# Try it
Start at the line in the entries below that contains "It Really Is", stop at the line that contains "Persönlichkeit Tier Cooler", and output exactly the lines in that span, both ends included.

# Records for processing
────────────────────
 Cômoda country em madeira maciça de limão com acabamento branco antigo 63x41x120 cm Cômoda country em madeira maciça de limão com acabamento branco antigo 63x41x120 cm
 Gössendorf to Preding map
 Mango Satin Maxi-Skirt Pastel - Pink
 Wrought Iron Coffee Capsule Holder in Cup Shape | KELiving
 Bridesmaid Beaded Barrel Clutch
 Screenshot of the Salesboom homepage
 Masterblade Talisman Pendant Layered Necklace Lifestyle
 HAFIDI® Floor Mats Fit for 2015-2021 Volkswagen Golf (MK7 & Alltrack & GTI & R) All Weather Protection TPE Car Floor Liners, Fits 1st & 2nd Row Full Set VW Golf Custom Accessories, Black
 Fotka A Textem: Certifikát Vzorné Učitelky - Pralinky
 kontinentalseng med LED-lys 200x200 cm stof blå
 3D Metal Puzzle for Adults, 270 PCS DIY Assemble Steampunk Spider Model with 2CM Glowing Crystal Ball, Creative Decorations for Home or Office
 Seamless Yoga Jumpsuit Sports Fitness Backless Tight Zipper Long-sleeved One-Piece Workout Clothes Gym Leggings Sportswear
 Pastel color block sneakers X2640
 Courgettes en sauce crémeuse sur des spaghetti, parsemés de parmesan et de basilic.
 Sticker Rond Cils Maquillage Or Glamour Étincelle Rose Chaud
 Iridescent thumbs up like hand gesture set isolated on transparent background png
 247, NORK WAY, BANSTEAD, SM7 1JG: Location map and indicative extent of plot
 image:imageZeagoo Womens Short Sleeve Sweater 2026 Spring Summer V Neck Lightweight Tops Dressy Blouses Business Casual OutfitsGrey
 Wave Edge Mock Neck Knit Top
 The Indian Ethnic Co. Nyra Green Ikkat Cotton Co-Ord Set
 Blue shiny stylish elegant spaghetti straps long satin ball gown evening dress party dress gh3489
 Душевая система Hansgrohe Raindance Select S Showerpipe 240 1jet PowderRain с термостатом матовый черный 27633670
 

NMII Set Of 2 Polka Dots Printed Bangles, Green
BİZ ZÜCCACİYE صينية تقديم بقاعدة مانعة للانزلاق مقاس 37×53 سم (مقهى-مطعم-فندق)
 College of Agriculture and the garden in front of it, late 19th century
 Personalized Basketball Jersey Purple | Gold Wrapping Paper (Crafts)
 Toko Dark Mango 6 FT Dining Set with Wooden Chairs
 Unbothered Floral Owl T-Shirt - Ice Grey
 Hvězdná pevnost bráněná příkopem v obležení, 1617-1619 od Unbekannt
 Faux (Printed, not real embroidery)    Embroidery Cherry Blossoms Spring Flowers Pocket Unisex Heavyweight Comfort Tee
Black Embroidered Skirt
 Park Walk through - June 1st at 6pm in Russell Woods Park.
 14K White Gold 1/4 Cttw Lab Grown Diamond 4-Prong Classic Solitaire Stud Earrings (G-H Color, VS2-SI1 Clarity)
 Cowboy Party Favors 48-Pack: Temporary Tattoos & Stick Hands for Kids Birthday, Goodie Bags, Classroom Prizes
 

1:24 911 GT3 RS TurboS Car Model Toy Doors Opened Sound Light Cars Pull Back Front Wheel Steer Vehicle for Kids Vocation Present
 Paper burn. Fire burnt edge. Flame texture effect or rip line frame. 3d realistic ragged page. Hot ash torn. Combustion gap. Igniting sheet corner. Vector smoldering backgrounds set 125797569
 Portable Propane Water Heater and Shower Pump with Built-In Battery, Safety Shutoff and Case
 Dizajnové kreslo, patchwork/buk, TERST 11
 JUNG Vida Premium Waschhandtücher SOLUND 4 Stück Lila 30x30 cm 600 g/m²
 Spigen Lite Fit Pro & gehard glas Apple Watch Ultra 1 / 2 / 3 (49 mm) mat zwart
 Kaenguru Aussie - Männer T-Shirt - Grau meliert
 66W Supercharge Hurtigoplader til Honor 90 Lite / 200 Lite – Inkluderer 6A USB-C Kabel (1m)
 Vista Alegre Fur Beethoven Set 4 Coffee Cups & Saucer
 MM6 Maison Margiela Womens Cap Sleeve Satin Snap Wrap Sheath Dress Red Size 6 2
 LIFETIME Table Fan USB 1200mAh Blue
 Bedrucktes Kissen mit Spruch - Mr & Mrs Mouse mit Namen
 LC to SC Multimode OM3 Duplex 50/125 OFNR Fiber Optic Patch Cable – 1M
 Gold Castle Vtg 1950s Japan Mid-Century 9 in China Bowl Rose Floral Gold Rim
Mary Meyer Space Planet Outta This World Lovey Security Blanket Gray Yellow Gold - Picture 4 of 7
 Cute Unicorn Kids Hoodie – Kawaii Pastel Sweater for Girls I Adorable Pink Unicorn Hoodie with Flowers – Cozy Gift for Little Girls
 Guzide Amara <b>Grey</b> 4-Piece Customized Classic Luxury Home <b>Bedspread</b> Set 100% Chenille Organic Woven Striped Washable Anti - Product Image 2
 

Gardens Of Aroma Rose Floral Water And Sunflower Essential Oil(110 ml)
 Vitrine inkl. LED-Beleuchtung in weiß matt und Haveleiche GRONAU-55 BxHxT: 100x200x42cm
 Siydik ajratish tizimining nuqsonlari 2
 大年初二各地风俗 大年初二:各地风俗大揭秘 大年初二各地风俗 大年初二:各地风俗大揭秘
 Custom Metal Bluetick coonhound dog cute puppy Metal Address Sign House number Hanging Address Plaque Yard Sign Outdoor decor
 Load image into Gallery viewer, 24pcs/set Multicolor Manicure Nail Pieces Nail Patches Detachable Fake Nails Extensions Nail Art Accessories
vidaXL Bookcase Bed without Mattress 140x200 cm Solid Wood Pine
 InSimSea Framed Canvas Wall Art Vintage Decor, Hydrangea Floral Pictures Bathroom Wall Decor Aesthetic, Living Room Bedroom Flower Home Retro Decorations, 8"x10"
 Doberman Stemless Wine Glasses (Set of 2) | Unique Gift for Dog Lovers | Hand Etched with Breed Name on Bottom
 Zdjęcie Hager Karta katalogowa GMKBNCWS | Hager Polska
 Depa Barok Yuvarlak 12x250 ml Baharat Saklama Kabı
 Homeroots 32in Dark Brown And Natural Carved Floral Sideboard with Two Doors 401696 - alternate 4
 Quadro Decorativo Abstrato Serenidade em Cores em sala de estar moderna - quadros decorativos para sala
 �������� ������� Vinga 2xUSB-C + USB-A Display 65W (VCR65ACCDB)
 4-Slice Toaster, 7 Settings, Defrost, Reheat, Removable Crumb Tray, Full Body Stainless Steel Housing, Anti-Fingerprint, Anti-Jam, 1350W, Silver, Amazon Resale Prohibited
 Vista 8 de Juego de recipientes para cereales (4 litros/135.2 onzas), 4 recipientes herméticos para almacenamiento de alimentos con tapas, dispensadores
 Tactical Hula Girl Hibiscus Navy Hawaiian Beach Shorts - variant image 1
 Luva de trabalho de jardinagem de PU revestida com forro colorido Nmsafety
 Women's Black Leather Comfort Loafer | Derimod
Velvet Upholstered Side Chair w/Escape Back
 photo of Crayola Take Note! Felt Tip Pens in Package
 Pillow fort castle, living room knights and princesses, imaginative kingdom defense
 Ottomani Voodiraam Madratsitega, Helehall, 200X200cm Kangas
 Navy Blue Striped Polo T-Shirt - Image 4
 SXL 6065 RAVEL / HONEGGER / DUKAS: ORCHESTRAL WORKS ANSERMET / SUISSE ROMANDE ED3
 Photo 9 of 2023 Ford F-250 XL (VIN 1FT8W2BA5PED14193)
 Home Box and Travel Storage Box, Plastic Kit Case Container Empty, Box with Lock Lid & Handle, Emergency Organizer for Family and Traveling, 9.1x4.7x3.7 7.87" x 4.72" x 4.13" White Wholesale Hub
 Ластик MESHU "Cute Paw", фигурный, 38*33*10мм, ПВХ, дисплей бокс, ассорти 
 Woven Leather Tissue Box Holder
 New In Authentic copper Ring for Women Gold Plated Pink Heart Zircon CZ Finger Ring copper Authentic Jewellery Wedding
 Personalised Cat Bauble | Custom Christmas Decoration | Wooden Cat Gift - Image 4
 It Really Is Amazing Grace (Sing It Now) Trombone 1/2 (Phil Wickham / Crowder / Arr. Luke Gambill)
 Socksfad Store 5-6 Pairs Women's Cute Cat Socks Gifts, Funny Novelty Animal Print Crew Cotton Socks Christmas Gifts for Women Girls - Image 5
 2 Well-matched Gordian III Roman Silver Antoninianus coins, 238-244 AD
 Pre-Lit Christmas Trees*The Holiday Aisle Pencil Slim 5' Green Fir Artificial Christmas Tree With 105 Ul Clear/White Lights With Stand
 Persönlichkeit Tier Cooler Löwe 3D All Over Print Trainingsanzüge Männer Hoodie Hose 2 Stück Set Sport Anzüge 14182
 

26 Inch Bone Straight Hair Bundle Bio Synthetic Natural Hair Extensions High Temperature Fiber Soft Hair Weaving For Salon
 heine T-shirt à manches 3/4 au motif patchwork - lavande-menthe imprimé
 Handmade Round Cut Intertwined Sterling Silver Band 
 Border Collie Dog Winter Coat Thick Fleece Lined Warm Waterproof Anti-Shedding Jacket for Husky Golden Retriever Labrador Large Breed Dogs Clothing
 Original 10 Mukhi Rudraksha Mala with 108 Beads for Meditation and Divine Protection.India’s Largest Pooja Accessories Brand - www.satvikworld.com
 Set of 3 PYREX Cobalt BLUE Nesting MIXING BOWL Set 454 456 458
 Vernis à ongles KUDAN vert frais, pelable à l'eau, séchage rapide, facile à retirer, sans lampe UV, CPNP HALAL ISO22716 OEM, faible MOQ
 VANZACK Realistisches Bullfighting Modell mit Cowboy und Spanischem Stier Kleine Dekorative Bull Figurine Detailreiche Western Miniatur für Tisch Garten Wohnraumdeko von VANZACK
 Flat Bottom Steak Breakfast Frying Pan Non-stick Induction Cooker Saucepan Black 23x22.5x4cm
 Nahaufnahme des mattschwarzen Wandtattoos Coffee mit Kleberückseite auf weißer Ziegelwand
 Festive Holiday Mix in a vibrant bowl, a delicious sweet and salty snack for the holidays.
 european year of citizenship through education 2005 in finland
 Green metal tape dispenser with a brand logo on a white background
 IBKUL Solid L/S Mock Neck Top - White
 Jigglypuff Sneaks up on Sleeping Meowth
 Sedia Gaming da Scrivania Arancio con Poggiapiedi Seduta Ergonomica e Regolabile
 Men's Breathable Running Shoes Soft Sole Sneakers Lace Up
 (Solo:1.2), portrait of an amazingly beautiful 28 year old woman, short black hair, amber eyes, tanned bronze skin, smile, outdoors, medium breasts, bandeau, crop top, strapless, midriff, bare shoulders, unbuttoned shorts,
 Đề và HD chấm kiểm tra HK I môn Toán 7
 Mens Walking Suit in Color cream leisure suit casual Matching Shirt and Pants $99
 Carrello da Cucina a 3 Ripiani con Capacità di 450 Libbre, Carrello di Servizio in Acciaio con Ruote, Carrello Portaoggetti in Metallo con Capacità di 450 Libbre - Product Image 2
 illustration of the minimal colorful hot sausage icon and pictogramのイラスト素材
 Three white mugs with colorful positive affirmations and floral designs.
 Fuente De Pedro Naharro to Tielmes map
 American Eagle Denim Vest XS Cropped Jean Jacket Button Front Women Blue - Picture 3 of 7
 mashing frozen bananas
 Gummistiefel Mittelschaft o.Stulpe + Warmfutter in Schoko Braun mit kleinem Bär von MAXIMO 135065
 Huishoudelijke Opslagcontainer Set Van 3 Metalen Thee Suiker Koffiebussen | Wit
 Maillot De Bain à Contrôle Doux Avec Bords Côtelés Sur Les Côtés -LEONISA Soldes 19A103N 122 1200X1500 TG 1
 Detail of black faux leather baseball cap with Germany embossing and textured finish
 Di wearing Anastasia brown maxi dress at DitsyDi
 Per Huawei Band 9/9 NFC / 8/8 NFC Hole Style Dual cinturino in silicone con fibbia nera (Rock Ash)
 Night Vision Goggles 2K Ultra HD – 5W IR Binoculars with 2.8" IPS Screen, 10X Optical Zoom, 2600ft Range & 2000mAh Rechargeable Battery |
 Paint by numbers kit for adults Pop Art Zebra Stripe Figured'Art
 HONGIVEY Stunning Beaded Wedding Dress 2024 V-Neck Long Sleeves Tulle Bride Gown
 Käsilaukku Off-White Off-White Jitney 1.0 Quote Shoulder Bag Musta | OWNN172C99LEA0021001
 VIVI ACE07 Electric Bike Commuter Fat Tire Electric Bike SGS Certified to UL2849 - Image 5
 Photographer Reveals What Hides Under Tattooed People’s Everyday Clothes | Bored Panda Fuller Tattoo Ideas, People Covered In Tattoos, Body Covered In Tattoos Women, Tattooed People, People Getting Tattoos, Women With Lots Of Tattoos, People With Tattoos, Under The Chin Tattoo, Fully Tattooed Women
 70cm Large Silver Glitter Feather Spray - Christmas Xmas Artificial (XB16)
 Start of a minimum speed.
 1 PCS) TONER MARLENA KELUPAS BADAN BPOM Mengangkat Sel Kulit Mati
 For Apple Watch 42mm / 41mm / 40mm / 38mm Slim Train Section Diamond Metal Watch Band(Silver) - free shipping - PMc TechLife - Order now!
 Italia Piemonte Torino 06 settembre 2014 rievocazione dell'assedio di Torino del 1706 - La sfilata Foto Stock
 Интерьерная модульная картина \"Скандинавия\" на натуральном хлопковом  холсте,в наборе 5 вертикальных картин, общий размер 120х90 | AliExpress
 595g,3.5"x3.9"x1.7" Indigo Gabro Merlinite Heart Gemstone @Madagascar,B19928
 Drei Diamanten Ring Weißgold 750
────────────────────
# Output below
 It Really Is Amazing Grace (Sing It Now) Trombone 1/2 (Phil Wickham / Crowder / Arr. Luke Gambill)
 Socksfad Store 5-6 Pairs Women's Cute Cat Socks Gifts, Funny Novelty Animal Print Crew Cotton Socks Christmas Gifts for Women Girls - Image 5
 2 Well-matched Gordian III Roman Silver Antoninianus coins, 238-244 AD
 Pre-Lit Christmas Trees*The Holiday Aisle Pencil Slim 5' Green Fir Artificial Christmas Tree With 105 Ul Clear/White Lights With Stand
 Persönlichkeit Tier Cooler Löwe 3D All Over Print Trainingsanzüge Männer Hoodie Hose 2 Stück Set Sport Anzüge 14182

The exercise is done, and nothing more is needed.